Posted: 01.09.2003, 00:22
by Mario
Hello all,

Although very beautiful (thank you Astroboy) the California Nebula is only a thousand years from earth. This means I see it clearly from the solar system which I confess, I don't like.

Is there any way I can alter the apparent size so that I can better simulate what exactly one can see from the earth (which is just a glimpse and even so only under good conditions)?

Mario

Posted: 01.09.2003, 16:13
by selden
Mario,

If you change the Distance from 1500ly to 1000ly, you need to reduce the Radius in the same proportions, from 47 to 31.

The California Nebula is quite large in the sky: almost 3 degrees long, and slightly wider than the full moon. It is difficult to see because it is so dim. Astroboy's image is taken from a long exposure photograph, which makes it look much brighter. Unfortunately, Celestia does not (yet) provide brightness controls for Nebulae.
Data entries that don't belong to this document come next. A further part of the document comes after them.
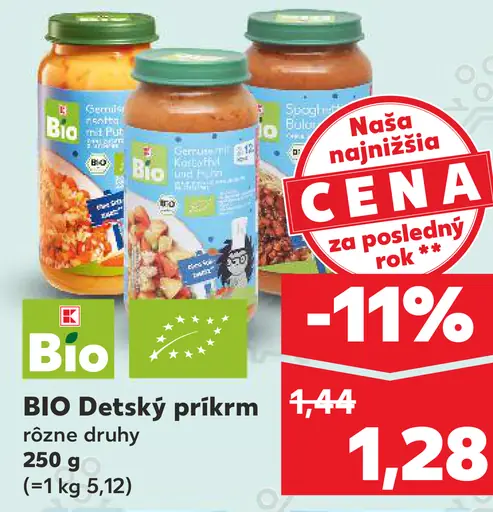 K-Classic Bio detský príkrm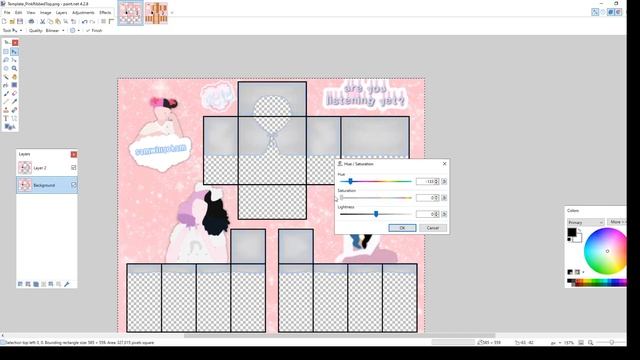 How to change the color of a design (in paint.net) | ROBLOX Designing смотреть онлайн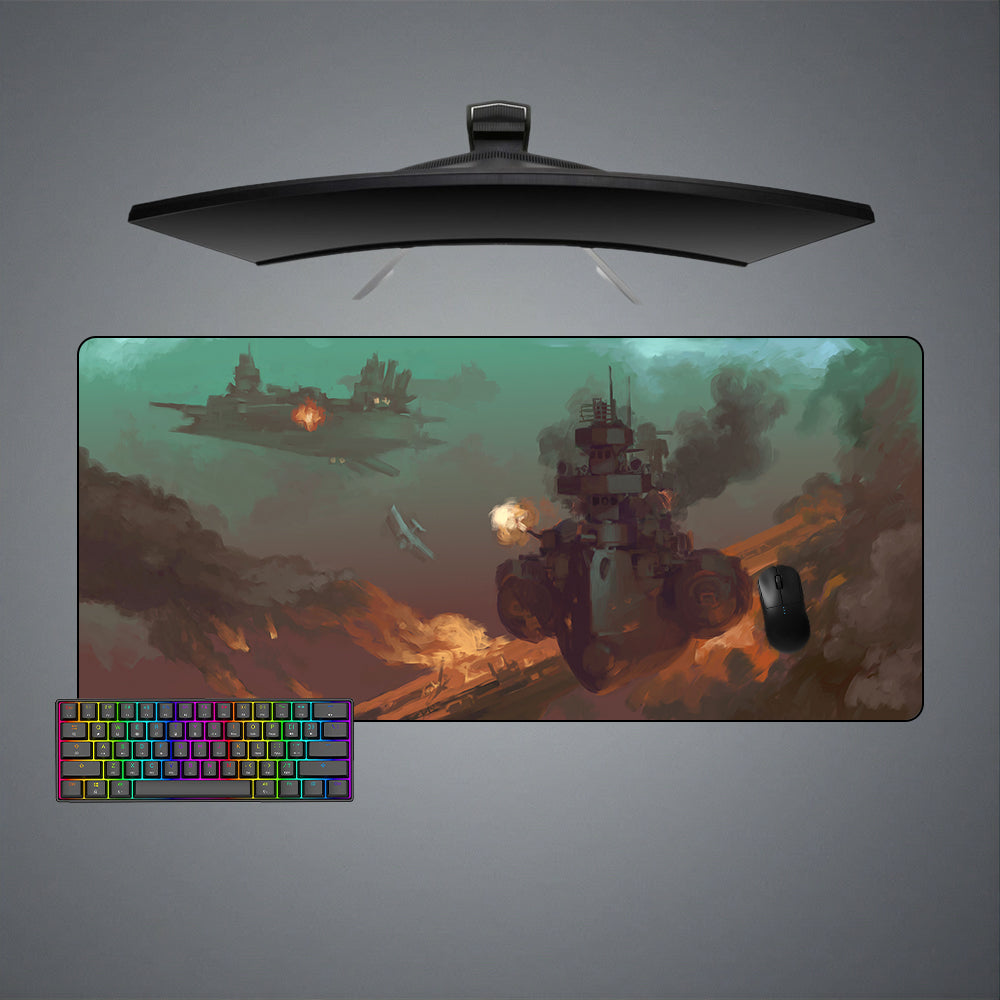 Allleftout Sci-Fi Battleship Design M-Xxl Size Gaming Mouse Pad, Computer Desk Mat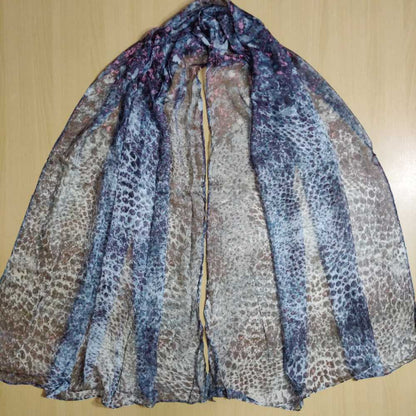 Printed Chiffon Scarf Stole – 185 x 70 Cm – ZSC120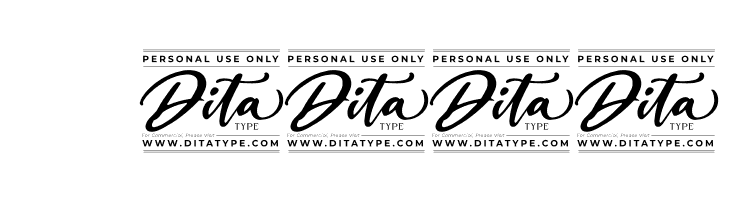 Dittanila Personal Use  Скачать бесплатные шрифты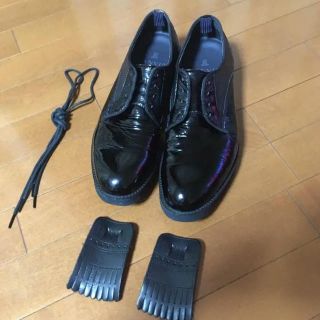 ランバンオンブルー(LANVIN en Bleu)のランバンオンブルー パテントレザーシューズ 日本製 LANVIN(ドレス/ビジネス)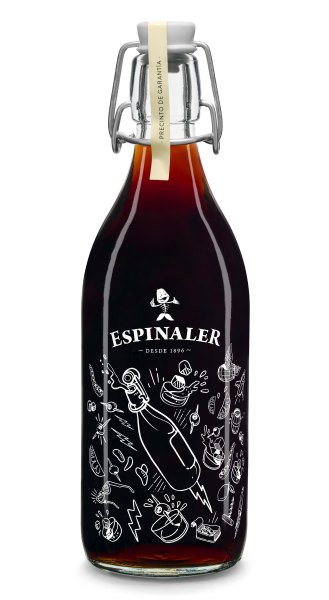 Espinaler Vermut Rojo Vintage Bügelflasche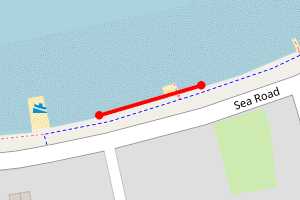 Map showing Westgate Bay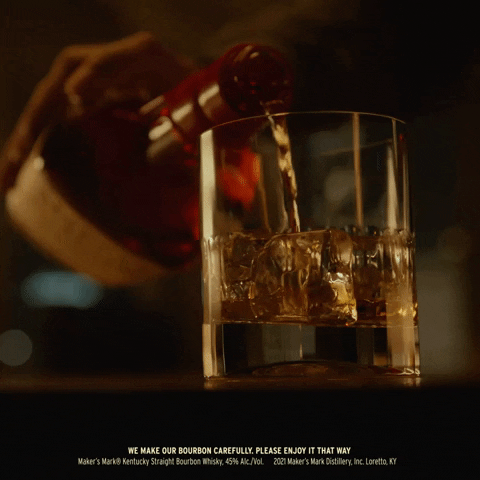 Relaxed Bottoms Up GIF by Maker's Mark
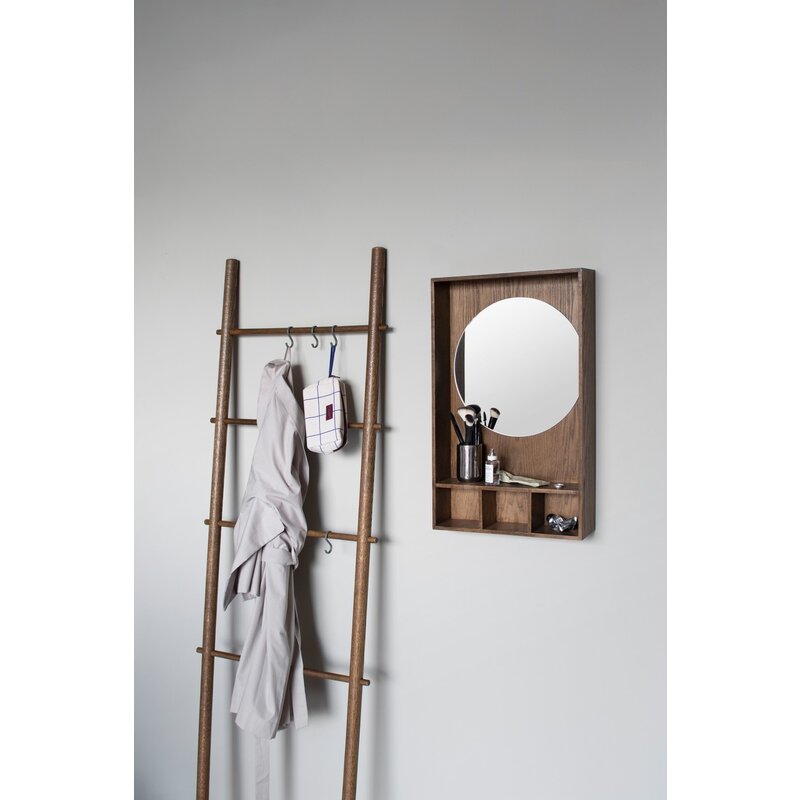 Mette Ditmer-collectie SHOW-ME Spiegel met plank  klein Donker geolied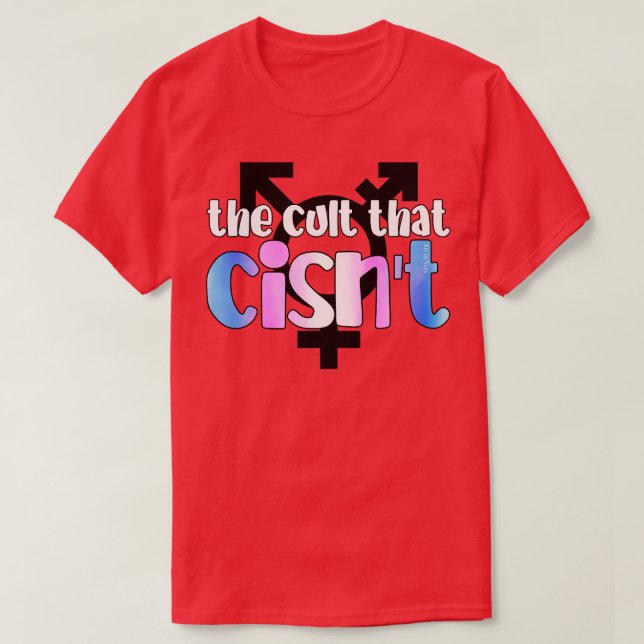 Camiseta O culto que não é (Frente do Design)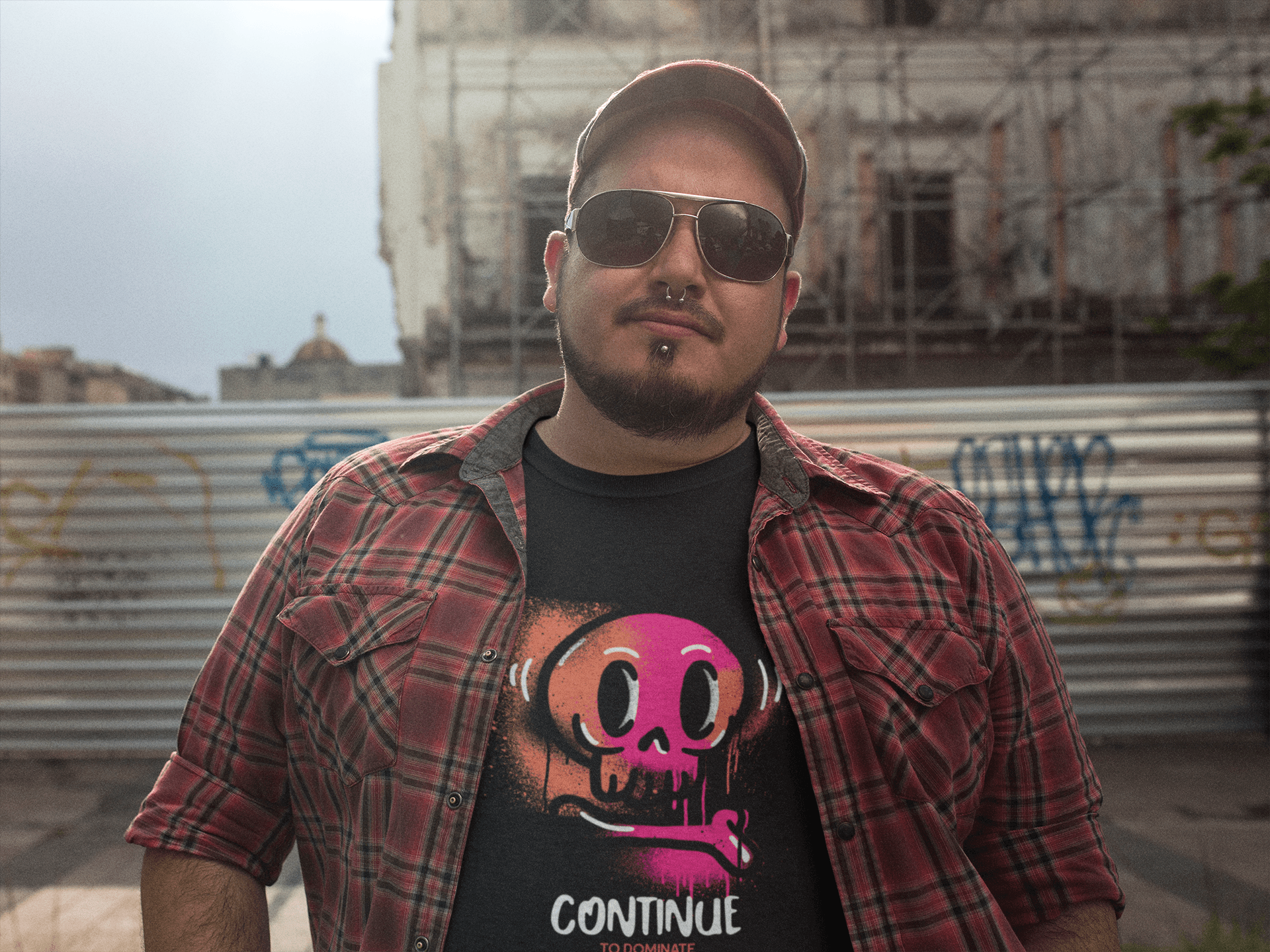 Continue Men's Plus Size T-shirt - Lyssian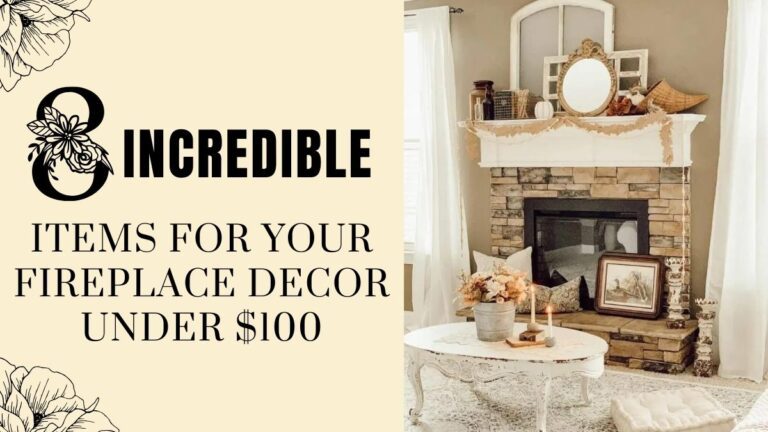 8 Incredible Items For Your Fireplace Decor Under $100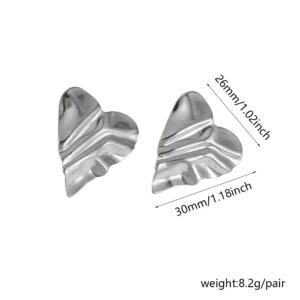 Silver heart shape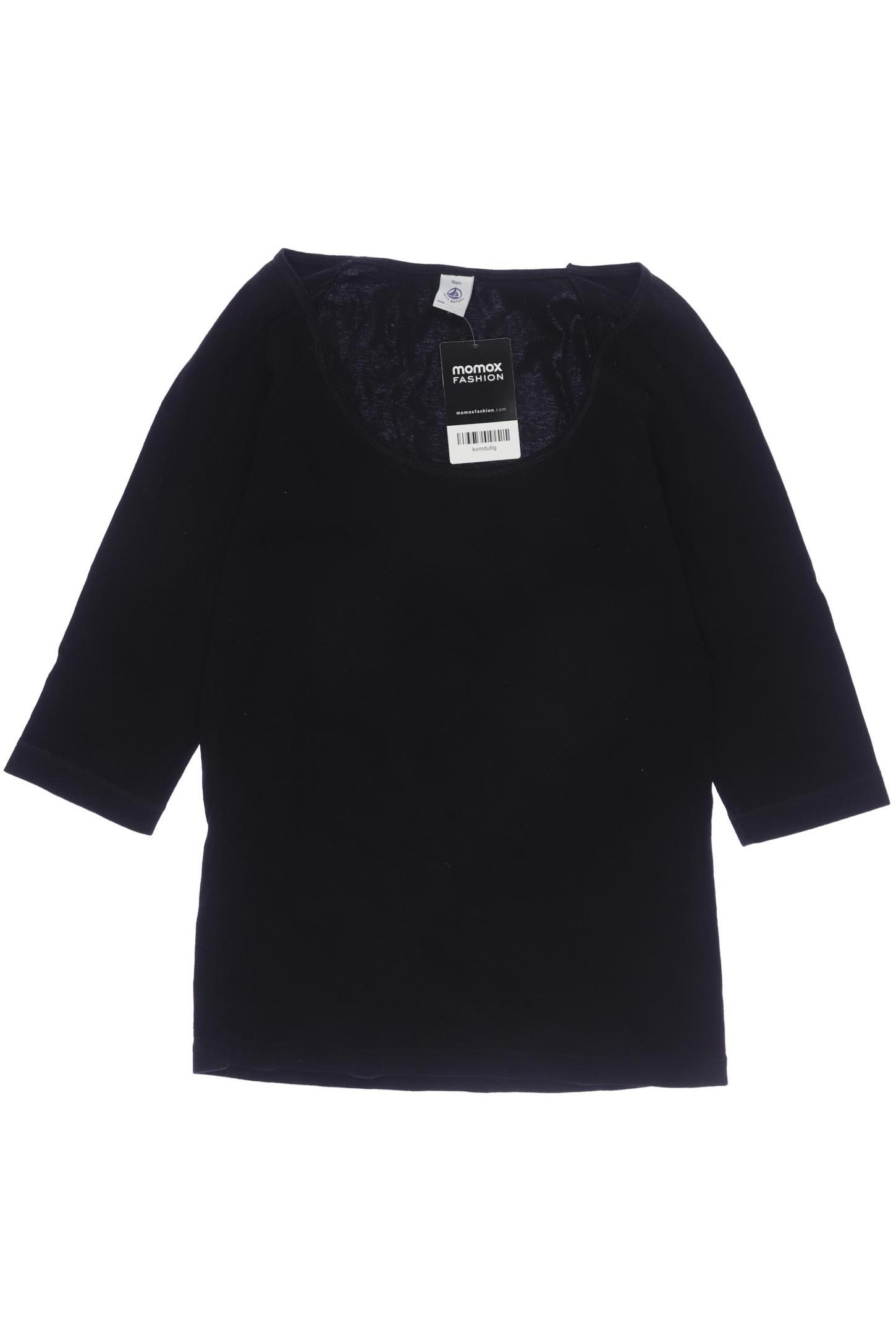 

Petit Bateau Damen Langarmshirt, schwarz, Gr. 182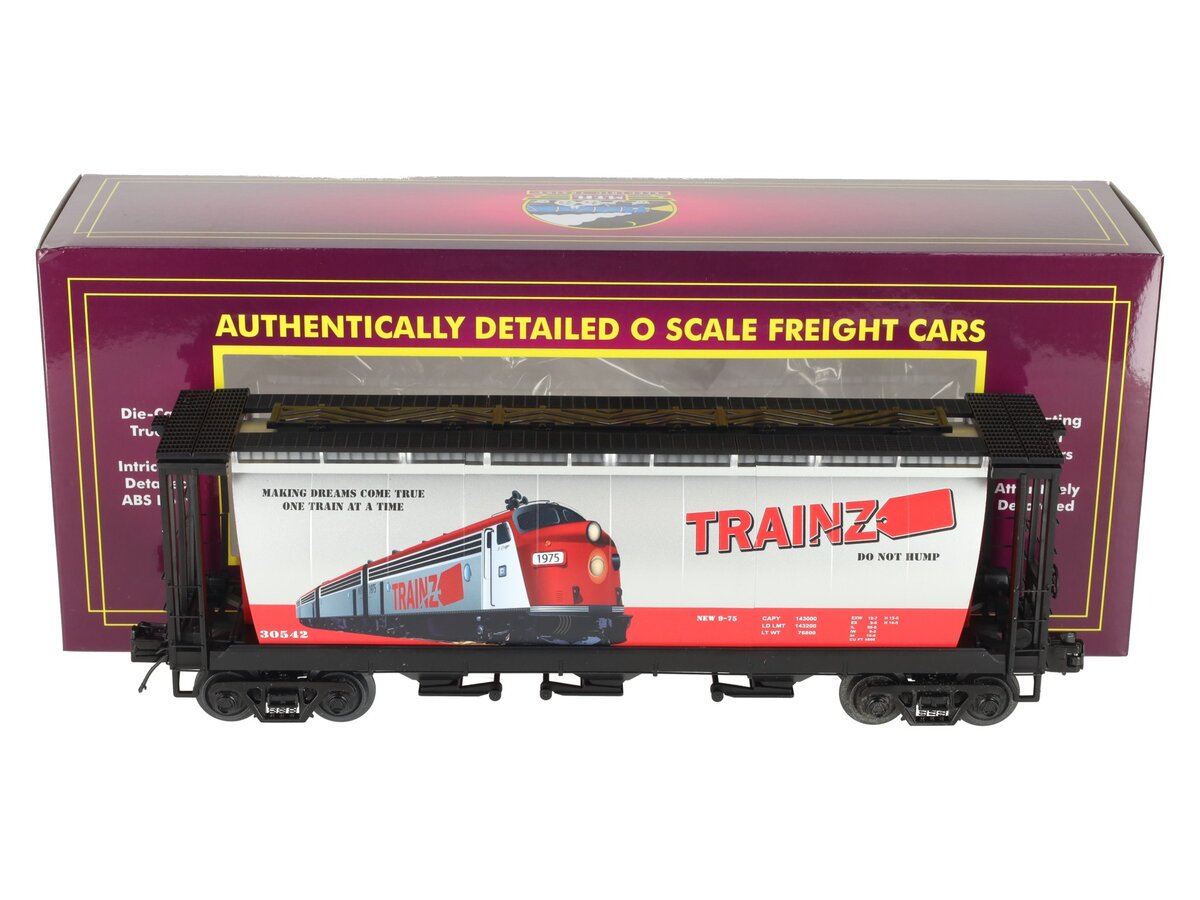MTH 20-96890 O Modern Custom Trainz 3-Bay Cylindrical Hopper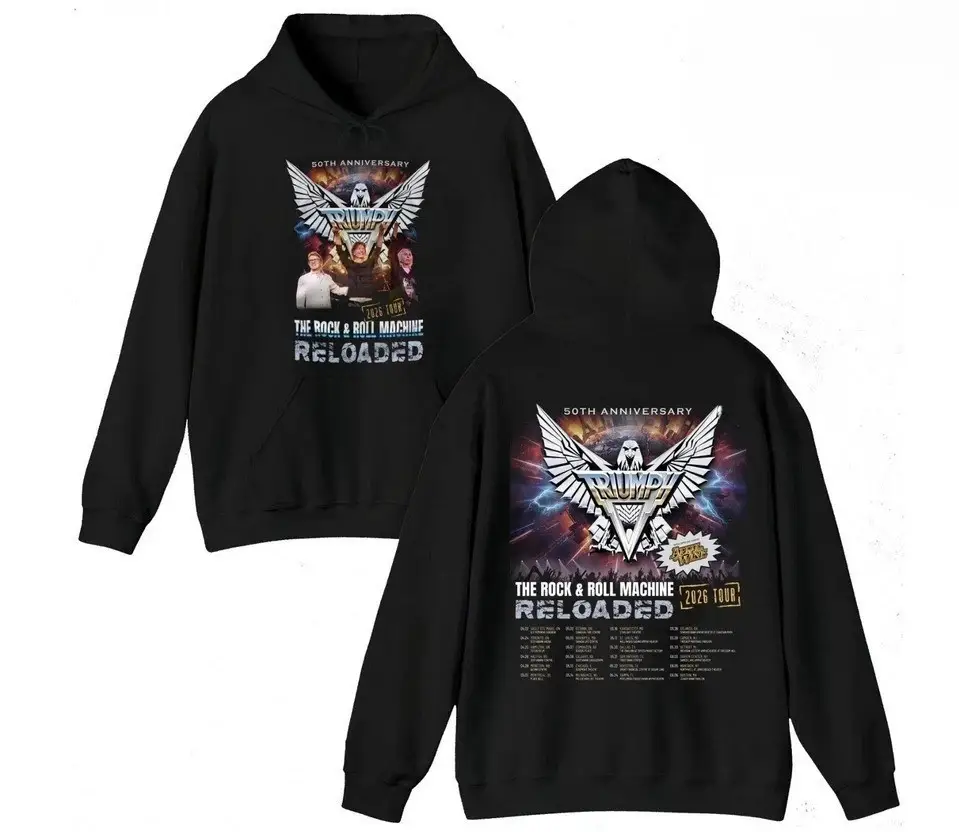 Triumph Merch The Rock & Roll Machine Hoodie 50Th Anniversary Clothing Gift For Him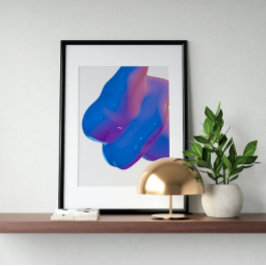 Holografisk 80-talskonst av modern Futuristiska Poster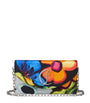 Christian Louboutin Multi Loubi54 Satin Printed Clutch Bag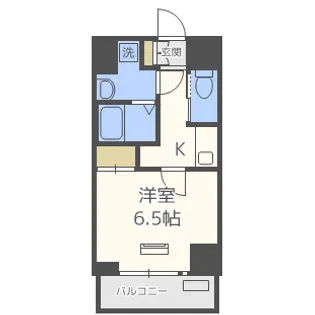 ララプレイス京町堀プロムナード【9階】の間取り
Also, for what it's worth, SEDS says that the nebula probably is illuminated by Xi Per. Celestia shows that star to have been measured by Hipparcos to have a distance of about 1772 ly. I think this suggests that the nebula is rather more than 1000 ly away, but closer to us than the star. (If it were further away than the star, we'd see it as a reflection nebula instead of as an emission nebula.) Many of the old distance guestimates have been thrown into confusion by Hipparcos.

Does this help?

Posted: 01.09.2003, 18:07
by Mario
Thank you Selden. It did help.

In fact, I had just been from SEDS description of this nebula when I wrote my email and followed it's "suggestion" of 1 kly without thinking. You are right, the nebula is at 1.5kly from earth in Celestia.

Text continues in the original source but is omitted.